:: WHAT TO WORK ON ::
Your output must consist solely of the lines from the one containing "Editing our chillhood" through the end of the records, reproduced exactly.
(INPUT DATA Opens)
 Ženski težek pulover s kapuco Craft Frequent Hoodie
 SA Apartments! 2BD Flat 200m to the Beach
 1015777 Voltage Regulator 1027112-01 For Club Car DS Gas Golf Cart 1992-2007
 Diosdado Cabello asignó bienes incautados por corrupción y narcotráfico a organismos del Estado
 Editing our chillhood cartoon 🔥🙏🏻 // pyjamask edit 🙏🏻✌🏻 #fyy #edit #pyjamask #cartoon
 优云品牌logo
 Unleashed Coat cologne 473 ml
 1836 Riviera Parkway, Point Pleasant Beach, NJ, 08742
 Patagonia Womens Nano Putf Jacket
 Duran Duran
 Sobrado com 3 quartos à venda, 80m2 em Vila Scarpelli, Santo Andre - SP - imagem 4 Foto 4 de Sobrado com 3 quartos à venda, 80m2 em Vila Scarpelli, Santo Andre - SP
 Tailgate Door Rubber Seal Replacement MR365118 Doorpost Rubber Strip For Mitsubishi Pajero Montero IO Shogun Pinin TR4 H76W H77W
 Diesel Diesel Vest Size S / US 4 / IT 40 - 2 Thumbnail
(INPUT DATA Closes)
:: ANSWER TO THE EXERCISE ::
 Editing our chillhood cartoon 🔥🙏🏻 // pyjamask edit 🙏🏻✌🏻 #fyy #edit #pyjamask #cartoon
 优云品牌logo
 Unleashed Coat cologne 473 ml
 1836 Riviera Parkway, Point Pleasant Beach, NJ, 08742
 Patagonia Womens Nano Putf Jacket
 Duran Duran
 Sobrado com 3 quartos à venda, 80m2 em Vila Scarpelli, Santo Andre - SP - imagem 4 Foto 4 de Sobrado com 3 quartos à venda, 80m2 em Vila Scarpelli, Santo Andre - SP
 Tailgate Door Rubber Seal Replacement MR365118 Doorpost Rubber Strip For Mitsubishi Pajero Montero IO Shogun Pinin TR4 H76W H77W
 Diesel Diesel Vest Size S / US 4 / IT 40 - 2 Thumbnail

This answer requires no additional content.